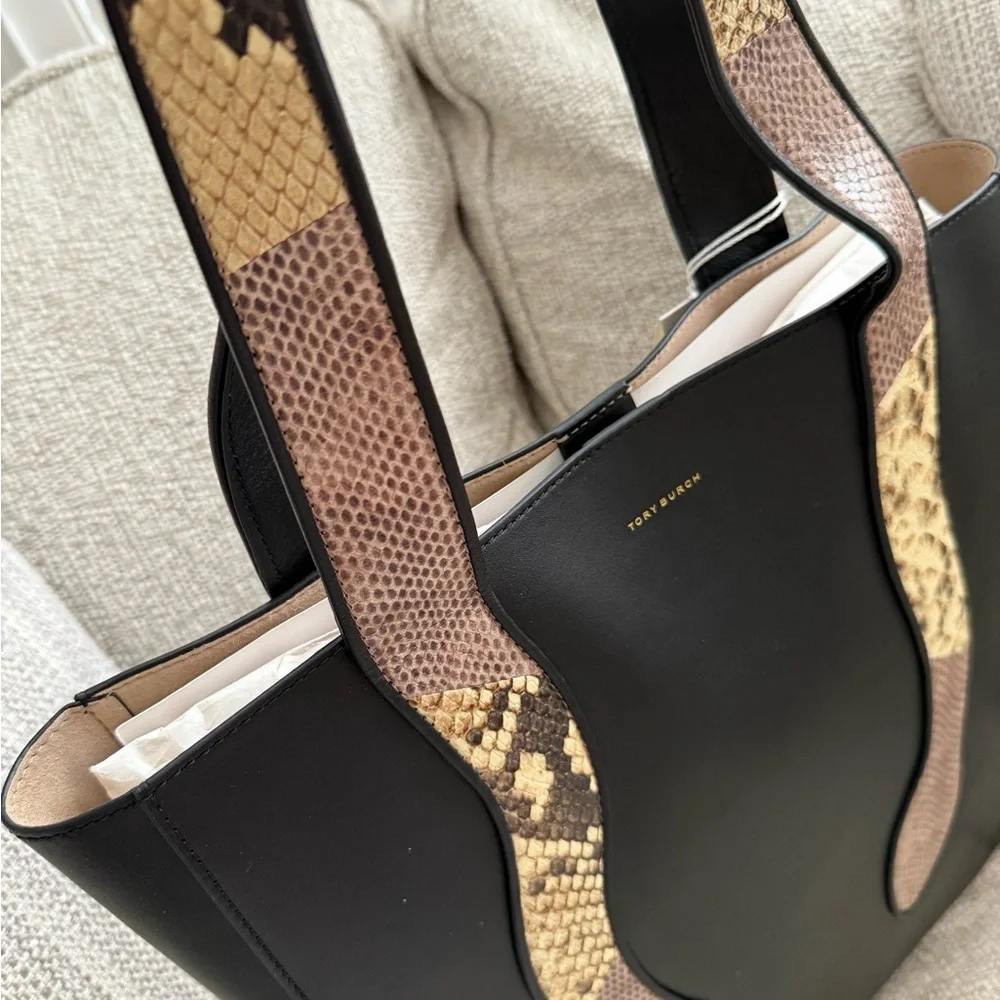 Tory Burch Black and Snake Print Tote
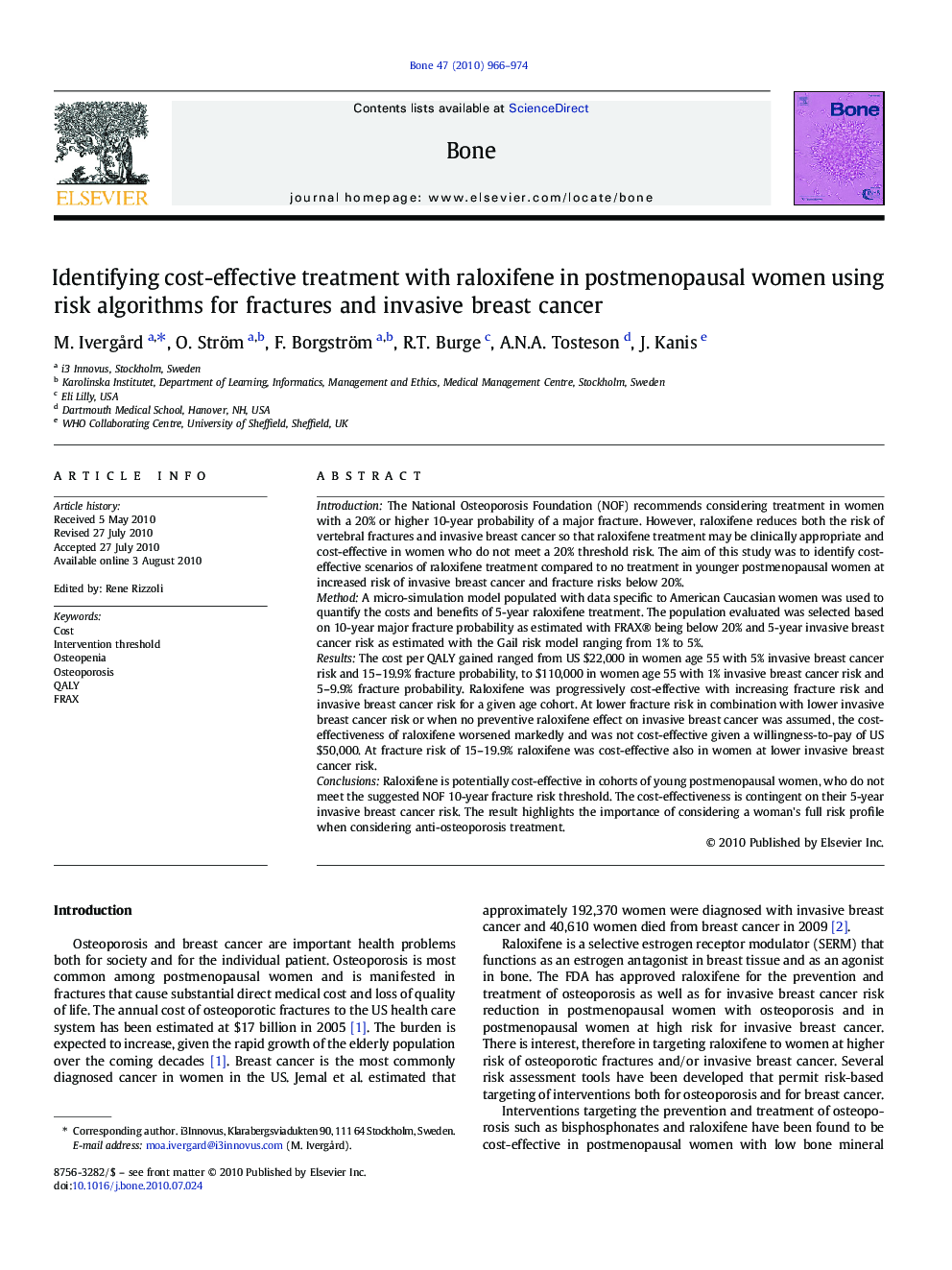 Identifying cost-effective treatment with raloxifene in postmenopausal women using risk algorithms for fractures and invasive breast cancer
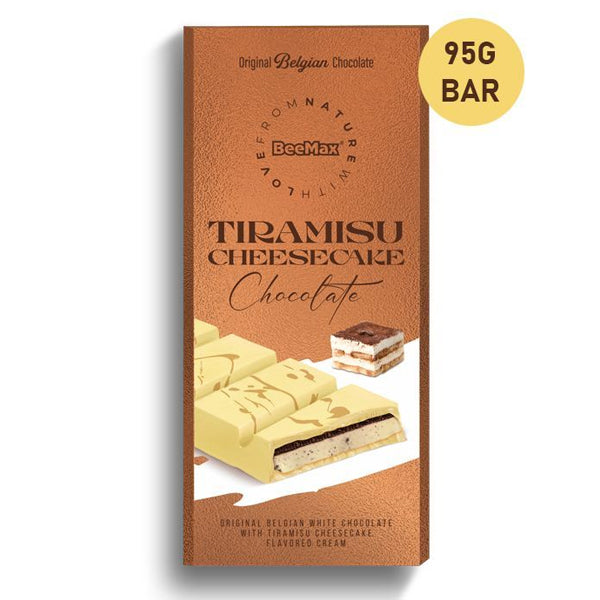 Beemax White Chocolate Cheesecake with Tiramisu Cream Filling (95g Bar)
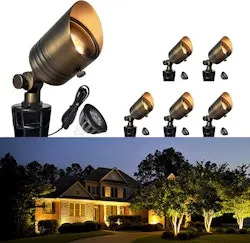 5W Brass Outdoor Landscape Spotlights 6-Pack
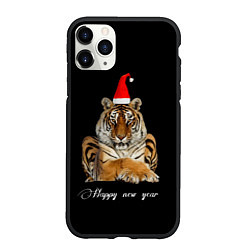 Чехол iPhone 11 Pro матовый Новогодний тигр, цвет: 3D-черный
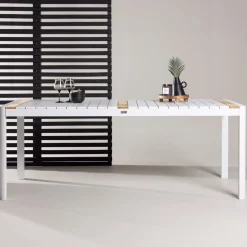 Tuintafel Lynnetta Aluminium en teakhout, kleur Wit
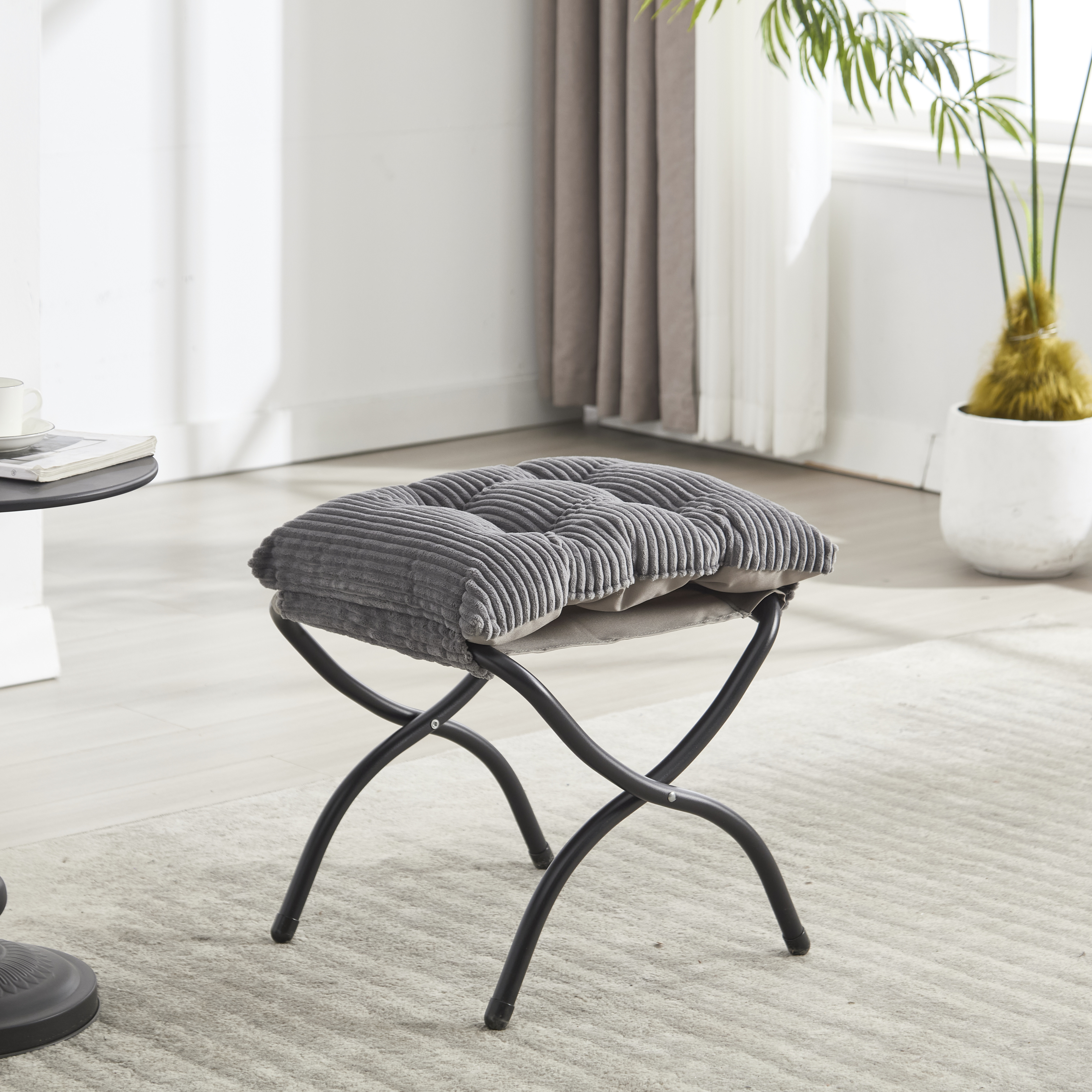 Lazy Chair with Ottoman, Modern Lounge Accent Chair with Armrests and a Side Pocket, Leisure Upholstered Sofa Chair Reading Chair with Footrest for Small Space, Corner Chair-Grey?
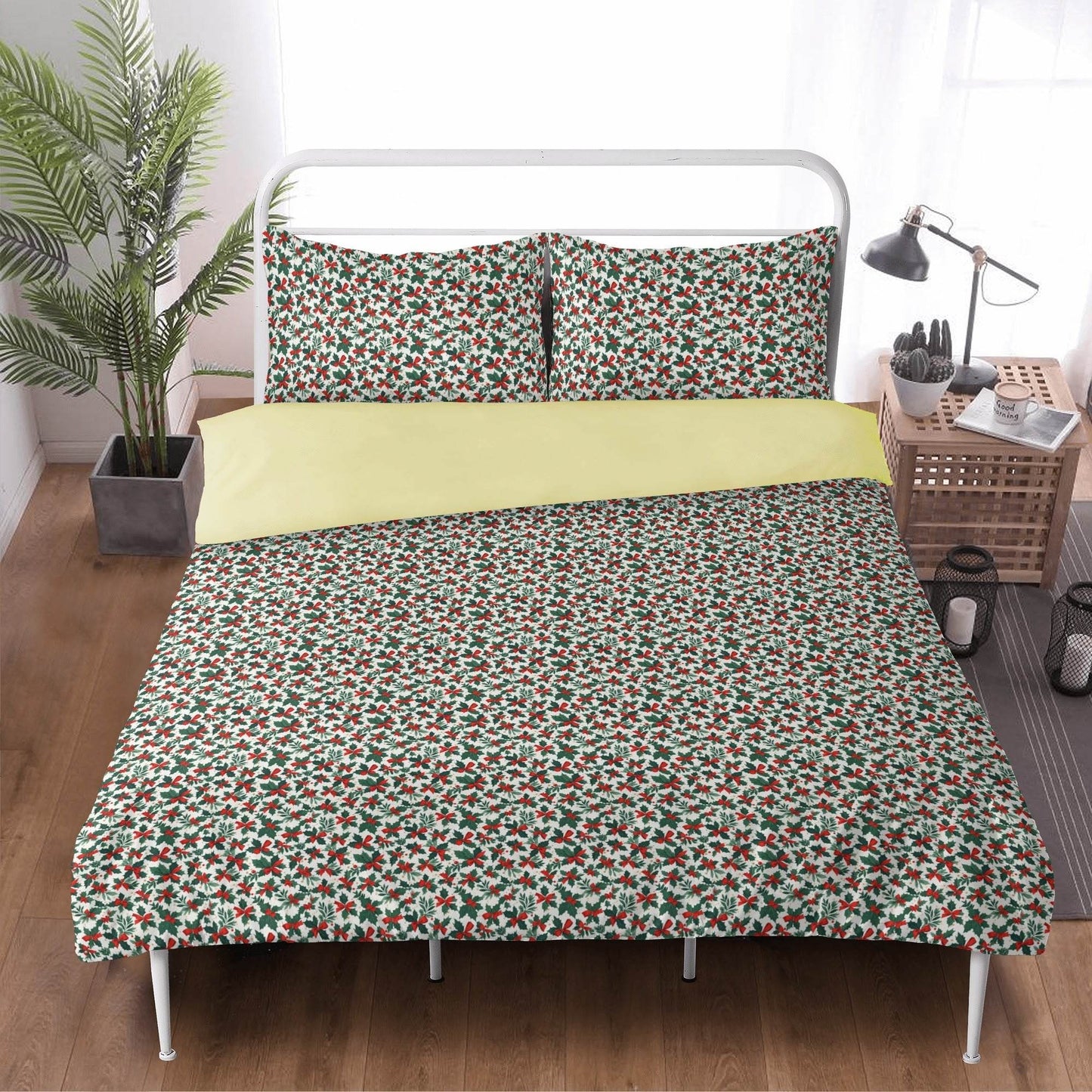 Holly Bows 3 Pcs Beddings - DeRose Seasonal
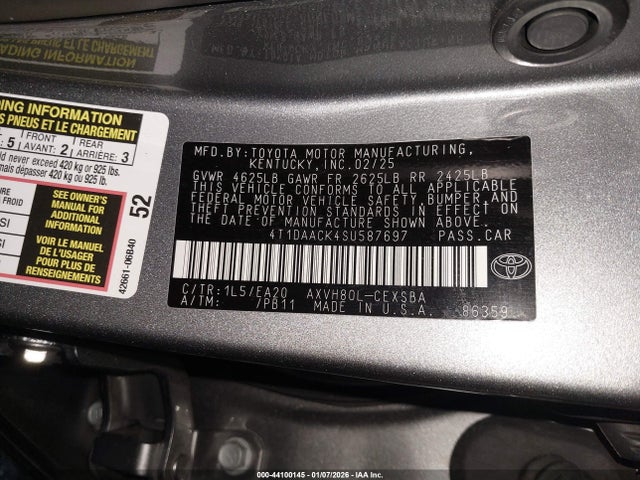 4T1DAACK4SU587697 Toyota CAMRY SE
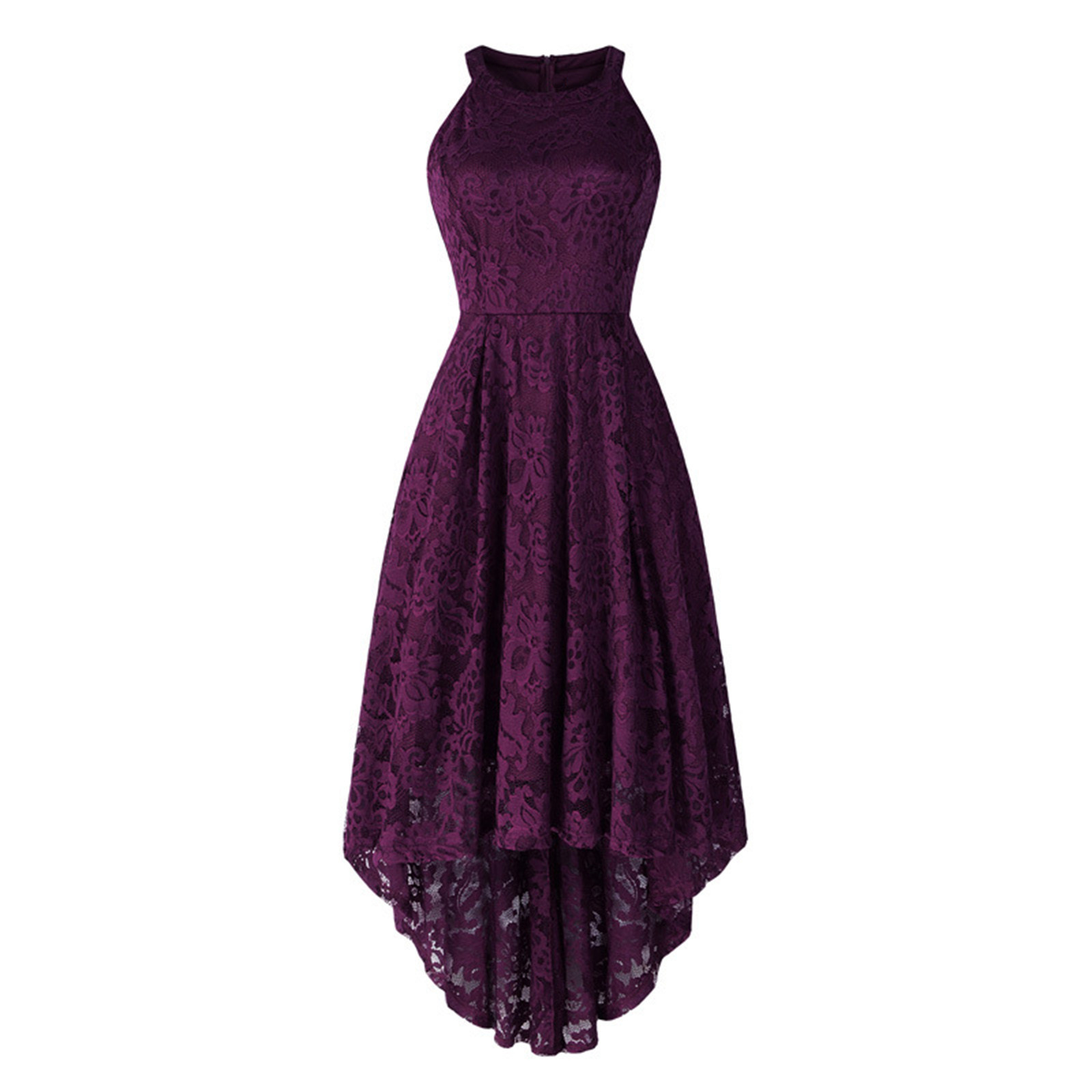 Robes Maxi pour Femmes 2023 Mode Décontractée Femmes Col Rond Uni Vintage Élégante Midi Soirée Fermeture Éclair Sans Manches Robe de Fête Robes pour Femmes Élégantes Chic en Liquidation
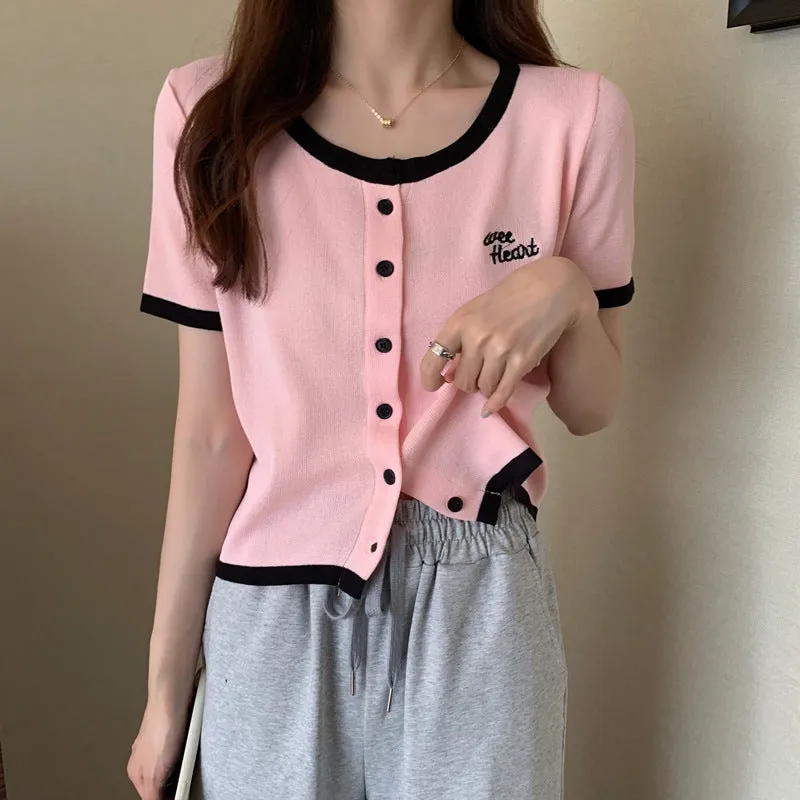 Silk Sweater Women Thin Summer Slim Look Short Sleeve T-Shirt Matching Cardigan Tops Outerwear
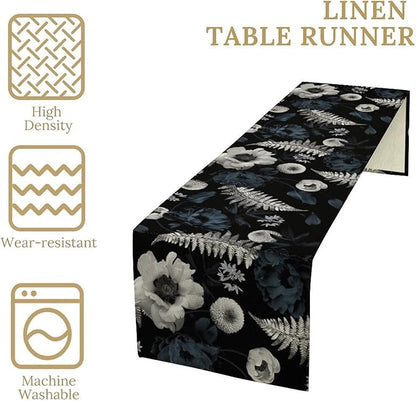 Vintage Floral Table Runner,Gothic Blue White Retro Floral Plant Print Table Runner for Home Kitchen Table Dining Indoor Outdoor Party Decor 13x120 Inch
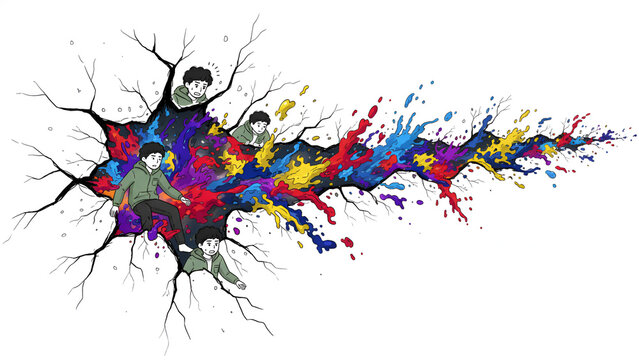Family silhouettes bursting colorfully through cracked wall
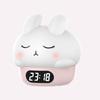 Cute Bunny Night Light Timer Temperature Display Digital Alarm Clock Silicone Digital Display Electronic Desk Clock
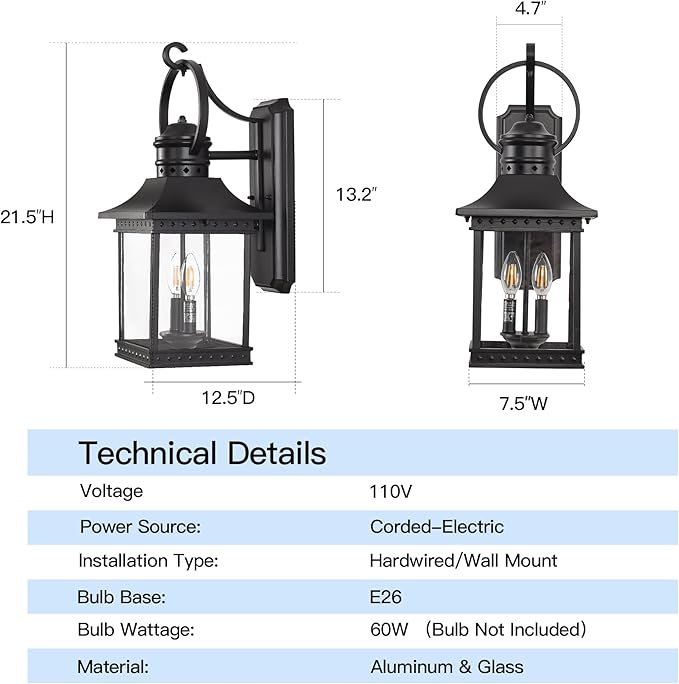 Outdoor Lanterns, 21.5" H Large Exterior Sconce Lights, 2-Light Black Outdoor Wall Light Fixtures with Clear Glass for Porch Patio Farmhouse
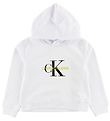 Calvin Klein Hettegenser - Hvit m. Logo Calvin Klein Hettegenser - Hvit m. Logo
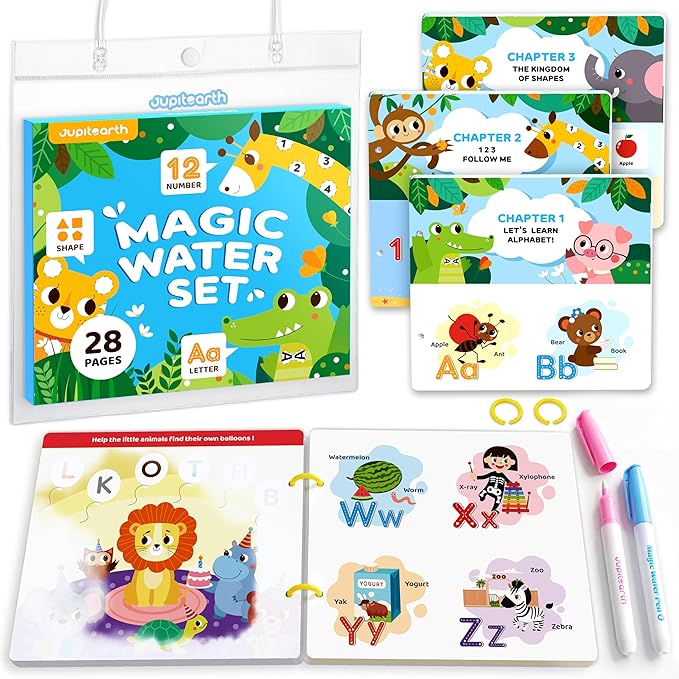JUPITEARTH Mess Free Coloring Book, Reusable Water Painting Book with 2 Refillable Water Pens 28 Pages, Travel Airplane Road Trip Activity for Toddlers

> _Requirement_: Please return only the lines from the top of the data through the line with "Calvin Klein Hettegenser - Hvit m. Logo Calvin", exactly as written, and drop every picture.

> _Solution_:
 Tory Burch Black and Snake Print Tote
 Identifying cost-effective treatment with raloxifene in postmenopausal women using risk algorithms for fractures and invasive breast cancer
 Beemax White Chocolate Cheesecake with Tiramisu Cream Filling (95g Bar)
 5W Brass Outdoor Landscape Spotlights 6-Pack
 Чехол iPhone 11 Pro матовый Новогодний тигр, цвет: 3D-черный
 Tuintafel Lynnetta Aluminium en teakhout, kleur Wit
 Lazy Chair with Ottoman, Modern Lounge Accent Chair with Armrests and a Side Pocket, Leisure Upholstered Sofa Chair Reading Chair with Footrest for Small Space, Corner Chair-Grey?
 Holly Bows 3 Pcs Beddings - DeRose Seasonal
 4T1DAACK4SU587697 Toyota CAMRY SE
 Robes Maxi pour Femmes 2023 Mode Décontractée Femmes Col Rond Uni Vintage Élégante Midi Soirée Fermeture Éclair Sans Manches Robe de Fête Robes pour Femmes Élégantes Chic en Liquidation
 Silk Sweater Women Thin Summer Slim Look Short Sleeve T-Shirt Matching Cardigan Tops Outerwear
 Vintage Floral Table Runner,Gothic Blue White Retro Floral Plant Print Table Runner for Home Kitchen Table Dining Indoor Outdoor Party Decor 13x120 Inch
Family silhouettes bursting colorfully through cracked wall
 Cute Bunny Night Light Timer Temperature Display Digital Alarm Clock Silicone Digital Display Electronic Desk Clock
 Outdoor Lanterns, 21.5" H Large Exterior Sconce Lights, 2-Light Black Outdoor Wall Light Fixtures with Clear Glass for Porch Patio Farmhouse
 Calvin Klein Hettegenser - Hvit m. Logo Calvin Klein Hettegenser - Hvit m. Logo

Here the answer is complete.